The SEC Continues To Focus On Insider Trading

Insider trading continues to be a key focus of the enforcement division. Last year, there was a significant increase in the number of insider trading cases brought by the division, as discussed here. Likewise, NYSE Regulation reports that insider trading is increasing and that while the number of suspected cases involving hedge funds is decreasing, the number involving corporate insiders is rising as also discussed here. These trends appear to be consistent with those observed by market regulators around the world.

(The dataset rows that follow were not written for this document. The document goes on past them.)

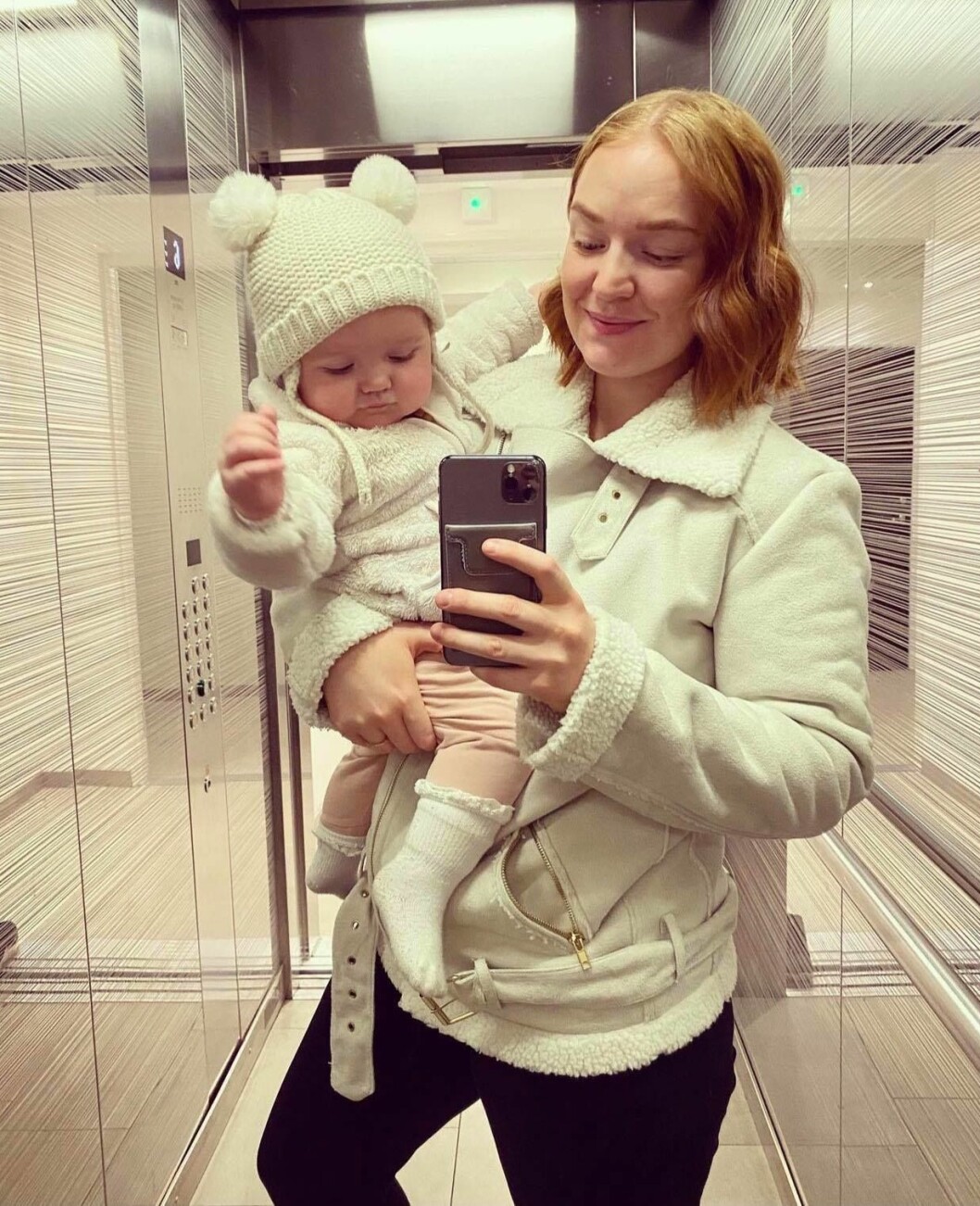 Malvina såg först tipset om klädpåsarna i ett instagraminlägg. Malvina och Lea Stavgren
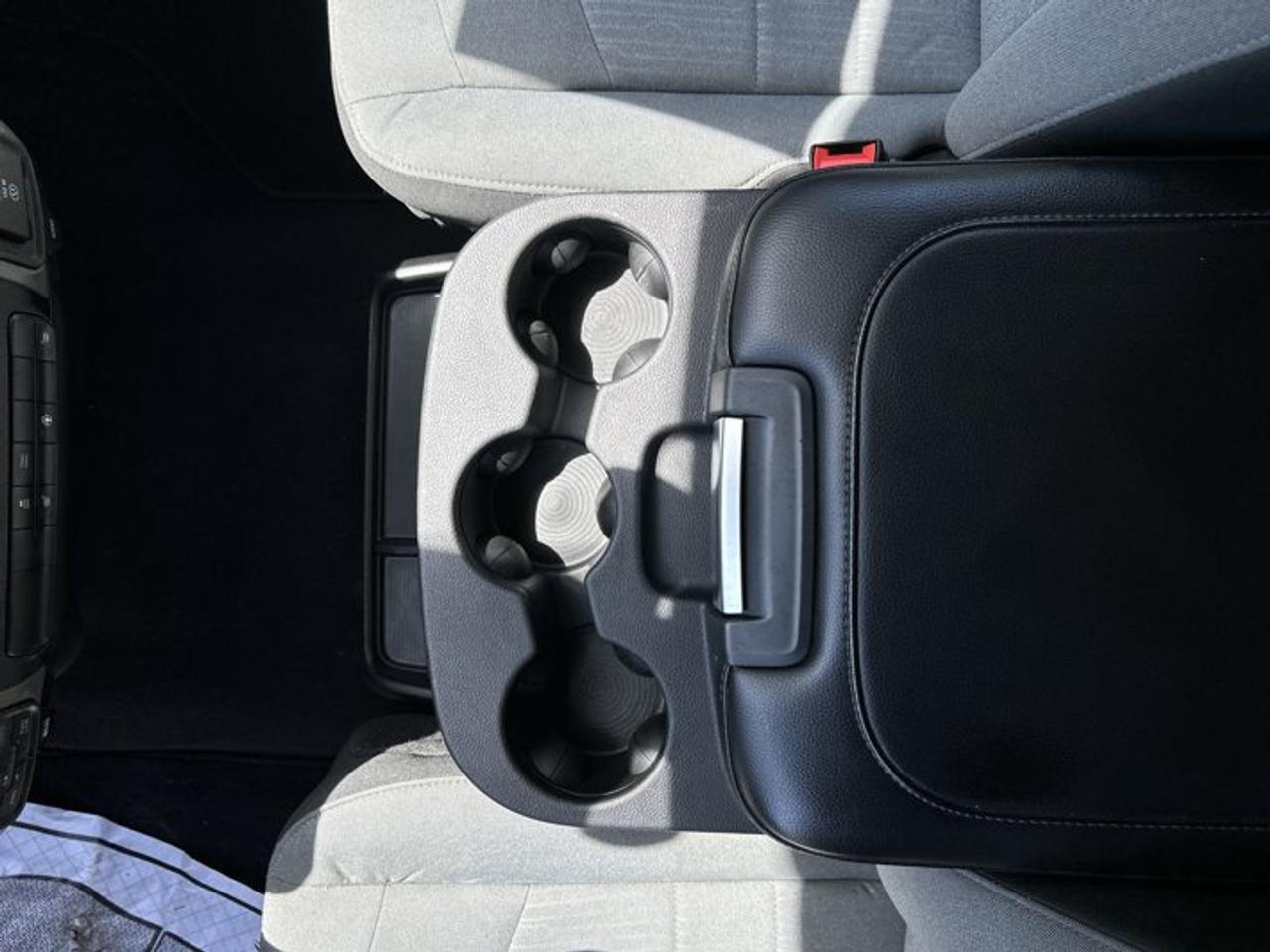 2023 RAM 1500 Classic Express Crew Cab 5'7 Box 4x4 | No accidents | Heated Steering Photo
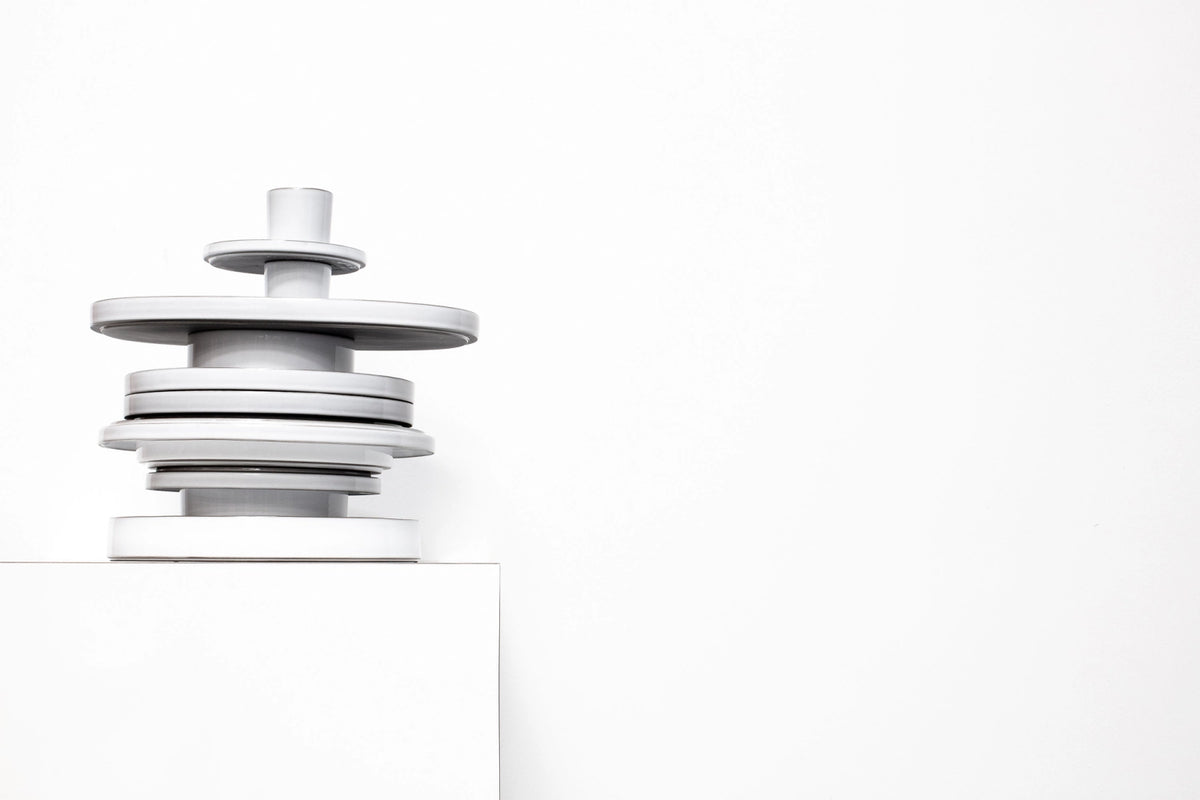 Caractère Speiseteller, Ø28cm, weiss in Weiss präsentiert im Onlineshop von KAQTU Design AG. Teller ist von Revol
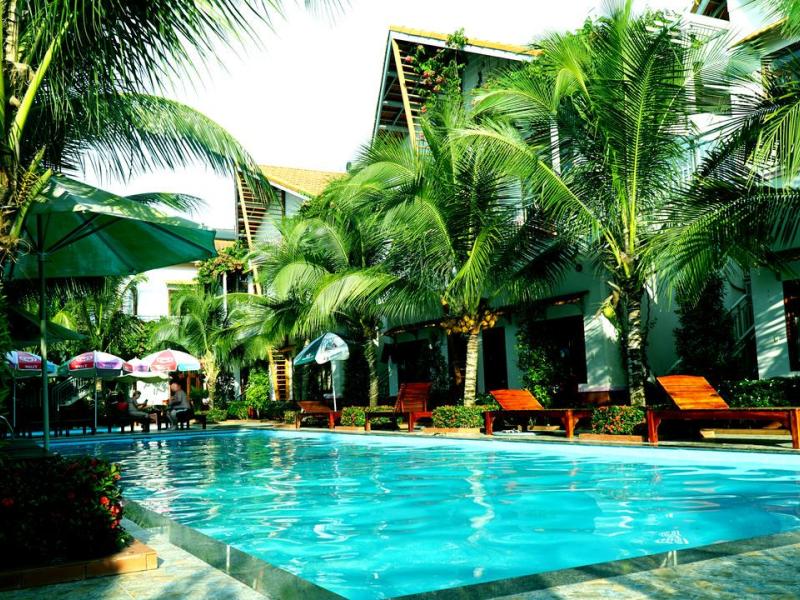 Camellia Resort & Spa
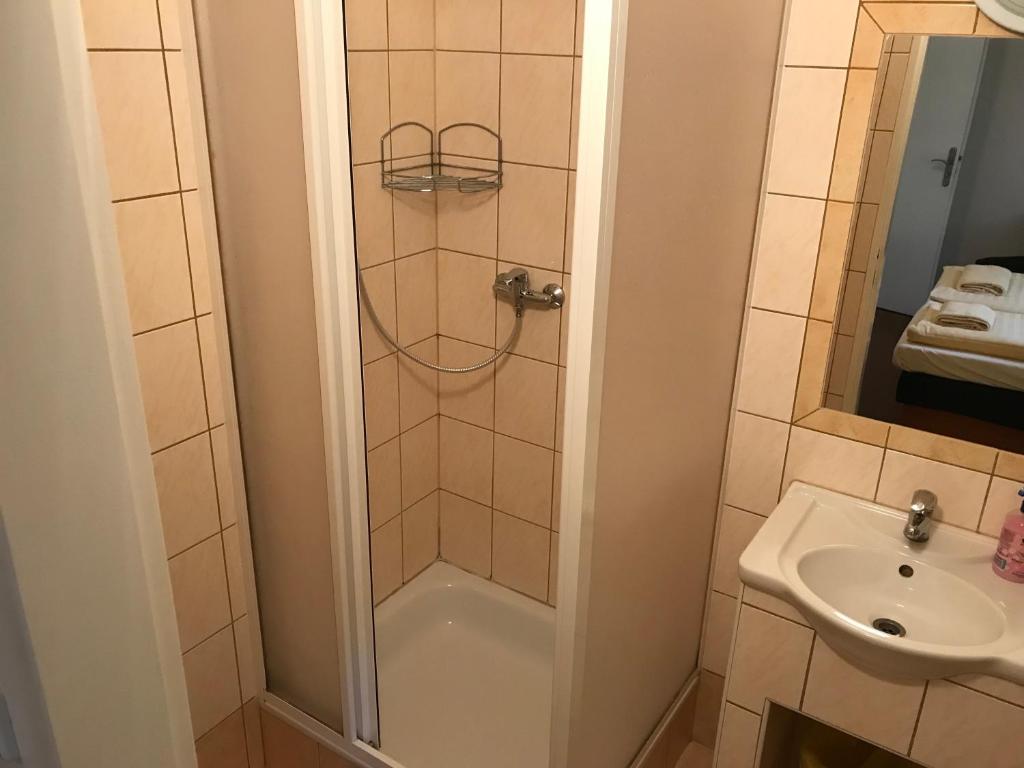 Koupelna v ubytování Garni pension U svatého Urbana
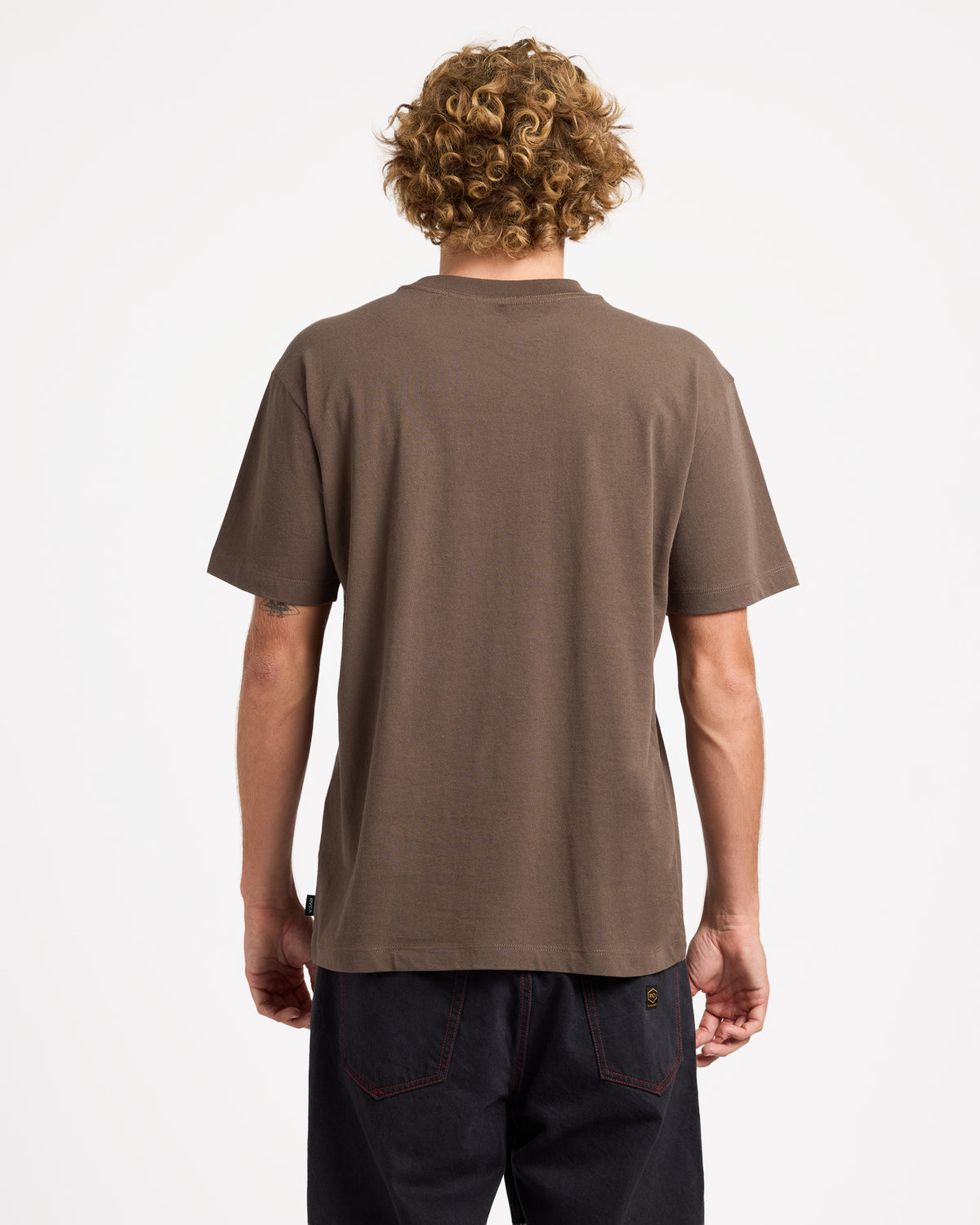 uvyzt01029_rvca_cho_bck1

On Friday, the SEC filed another settled insider trading case, SEC v. Biello, Civil Action No. 4:09-CV-00752 (S.D. Tex. Filed March 13, 2009). This case was based on the takeover of ACR Group, Inc., a Houston based distributor of air conditioning, heating and other HVAC-related products, by Watsco, Inc., a Miami, Florida based distributor of the same type of products and services.

The complaint alleges that defendant Michael Biello, an accountant with ACR Supply, a subsidiary of ACR Group, learned in April 2007 that the company was considering a possible merger with Watsco. At the time, Mr. Biello was on temporary assignment from the subsidiary to the parent company. The next month, Mr. Biello was instructed to conform ACR Group’s quarterly SEC filings to the format used by Watsco, an instruction he understood to confirm the fact that the merger was going forward.

In June, Mr. Biello instructed his brother to purchase ACR Group shares. At the time, he indicated the company was a probably a merger candidate. Accordingly, later that month his brother purchased about 3,300 shares of ACR Group for a total of about $16,000 in two transactions. When the takeover was announced on July 5, 2007, the share price rose about 44%. Mr. Biello’s brother sold his shares, earning a profit of just over $6,000.

To settle the case, Mr. Biello consented to the entry of a permanent injunction prohibiting future violations of Sections 10(b) and 14(e) of the Exchange Act. In addition, he agreed to pay disgorgement of just over $6,000 plus prejudgment interest and a civil penalty equal to the amount of the trading profits. An action has not been brought against the brother.